Studies on rats show this SARM increases muscle mass and LH levels, leading to poorly functioning sexuality. In female rats, it created a sex hormone imbalance.
These studies show the compound’s potential for increasing muscle mass and hormone regulation.
JNJ-28330835 underwent tests for its potential to decrease prostate weight while increasing muscle mass. However, other studies on lab rats showed it had little effect on the prostate.
In rats with their testicles removed, the compound helped restore lost lean mass quickly. This suggests that JNJ-28330835 may prove useful in minimizing lean mass loss as testosterone decreases with age.
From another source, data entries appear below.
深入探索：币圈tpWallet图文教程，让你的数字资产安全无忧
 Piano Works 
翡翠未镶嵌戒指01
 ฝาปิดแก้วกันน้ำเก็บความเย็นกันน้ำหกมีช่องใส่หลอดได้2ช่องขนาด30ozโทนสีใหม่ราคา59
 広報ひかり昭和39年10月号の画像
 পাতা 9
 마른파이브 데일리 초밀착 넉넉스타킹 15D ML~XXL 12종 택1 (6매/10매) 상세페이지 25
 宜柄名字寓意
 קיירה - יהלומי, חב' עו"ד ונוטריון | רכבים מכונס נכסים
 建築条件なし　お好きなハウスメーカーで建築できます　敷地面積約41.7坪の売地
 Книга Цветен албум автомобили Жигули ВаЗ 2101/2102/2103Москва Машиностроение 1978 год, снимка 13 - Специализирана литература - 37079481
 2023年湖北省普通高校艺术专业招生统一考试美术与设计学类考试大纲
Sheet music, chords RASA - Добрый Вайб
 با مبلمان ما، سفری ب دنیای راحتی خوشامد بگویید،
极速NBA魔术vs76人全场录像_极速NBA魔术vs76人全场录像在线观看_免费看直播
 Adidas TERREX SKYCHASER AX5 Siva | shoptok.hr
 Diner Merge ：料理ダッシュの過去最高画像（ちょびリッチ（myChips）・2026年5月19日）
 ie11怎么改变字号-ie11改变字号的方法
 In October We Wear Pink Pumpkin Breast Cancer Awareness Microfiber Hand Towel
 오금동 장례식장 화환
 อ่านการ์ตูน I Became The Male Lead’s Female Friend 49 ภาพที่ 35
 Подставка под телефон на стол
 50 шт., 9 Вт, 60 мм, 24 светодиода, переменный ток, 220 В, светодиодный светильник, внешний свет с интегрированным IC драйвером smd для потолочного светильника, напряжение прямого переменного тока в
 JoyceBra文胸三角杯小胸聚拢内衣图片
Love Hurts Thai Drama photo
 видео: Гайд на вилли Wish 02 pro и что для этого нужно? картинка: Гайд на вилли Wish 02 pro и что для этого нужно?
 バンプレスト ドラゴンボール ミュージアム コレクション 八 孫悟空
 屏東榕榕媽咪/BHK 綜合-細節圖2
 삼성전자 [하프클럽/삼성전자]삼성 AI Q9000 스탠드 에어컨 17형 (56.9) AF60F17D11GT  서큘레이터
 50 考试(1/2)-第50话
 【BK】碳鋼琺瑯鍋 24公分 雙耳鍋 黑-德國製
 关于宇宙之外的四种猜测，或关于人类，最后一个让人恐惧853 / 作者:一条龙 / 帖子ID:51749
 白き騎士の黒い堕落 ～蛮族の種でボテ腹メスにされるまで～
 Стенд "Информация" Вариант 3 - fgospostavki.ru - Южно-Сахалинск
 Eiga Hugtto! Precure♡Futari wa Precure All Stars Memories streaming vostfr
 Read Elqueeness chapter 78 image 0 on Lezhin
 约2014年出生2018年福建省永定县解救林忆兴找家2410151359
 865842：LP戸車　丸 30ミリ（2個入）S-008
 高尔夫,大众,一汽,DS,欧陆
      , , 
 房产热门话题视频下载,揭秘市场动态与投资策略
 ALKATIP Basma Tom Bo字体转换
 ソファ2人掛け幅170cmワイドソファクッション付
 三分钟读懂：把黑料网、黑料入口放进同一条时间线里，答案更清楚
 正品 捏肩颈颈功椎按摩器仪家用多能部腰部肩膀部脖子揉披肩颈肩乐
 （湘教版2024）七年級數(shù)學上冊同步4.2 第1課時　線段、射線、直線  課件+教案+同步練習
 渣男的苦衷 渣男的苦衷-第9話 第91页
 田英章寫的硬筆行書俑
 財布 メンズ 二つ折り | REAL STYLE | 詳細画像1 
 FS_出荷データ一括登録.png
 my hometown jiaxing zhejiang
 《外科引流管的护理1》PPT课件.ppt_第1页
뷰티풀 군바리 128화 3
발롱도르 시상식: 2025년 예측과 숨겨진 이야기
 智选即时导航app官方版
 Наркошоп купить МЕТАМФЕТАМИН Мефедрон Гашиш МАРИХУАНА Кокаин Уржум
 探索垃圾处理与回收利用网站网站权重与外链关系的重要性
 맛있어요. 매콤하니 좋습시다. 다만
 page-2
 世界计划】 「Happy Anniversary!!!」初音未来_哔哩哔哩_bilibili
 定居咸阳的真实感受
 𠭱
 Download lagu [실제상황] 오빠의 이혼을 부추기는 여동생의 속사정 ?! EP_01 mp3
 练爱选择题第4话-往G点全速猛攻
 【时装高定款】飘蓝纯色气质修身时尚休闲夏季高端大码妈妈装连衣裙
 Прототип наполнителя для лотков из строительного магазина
Further complications involved reduced bone turnover in females, i.e., the rate at which the body resorbs and forms bone over time.
LGD-2226 increased muscle mass, improved sexual function, and strengthened bones in lab rats. It had no impact on prostate size. Studies showed that the compound worked by decreasing bone turnover rate while simultaneously increasing bone formation.
Most other treatments and drugs target only one of these pathways.
Earlier research also shows that LGD-2226 increases libido and muscle mass, but there’s still a lot more research needed involving human reactions to this SARM.
Studies involving LGD-3303 show this compound has no negative effects on the androgenic organs, even at high doses. With both oral and continuous infusions, rats showed increased muscle mass.
S-40503 can increase muscle mass and BMD at the same rate as DHT without impacting prostate weight, unlike DHT, which can greatly increase the weight of this gland.
Studies involving both male and female rates produced decreased bone breakdown in both sexes. There is currently no evidence to suggest that S-40503 may affect muscle mass.
S-23 has a high binding affinity to androgen receptors. Research on rats shows it can reduce fat mass, increase muscle mass, and decrease prostate size.
Non-castrated rats showed decreased LH levels, and significant muscle increases. Researchers view decreased prostate size as a red flag for human applications.
S-23 also has contraceptive properties when used on non-castrated rats. After 100 days of stopping the treatment, the rats returned to high fertility, producing a 100% pregnancy rate in tests.
This may have important implications for the birth control industry once researchers complete more studies.
Start With the Basics on Your Fitness Journey
Now that you know your way around selective androgen receptor modulators a little better, you’ve probably got a deeper understanding of why they occupy a gray area when it comes to supplementation.
There’s no substitute for a healthy lifestyle, good nutrition, and a disciplined exercise program if you want to increase your muscle power.
Remember, if you decide to experiment with these substances, it’s best to talk to your doctor first. They might have more information about the latest research than what’s available to you.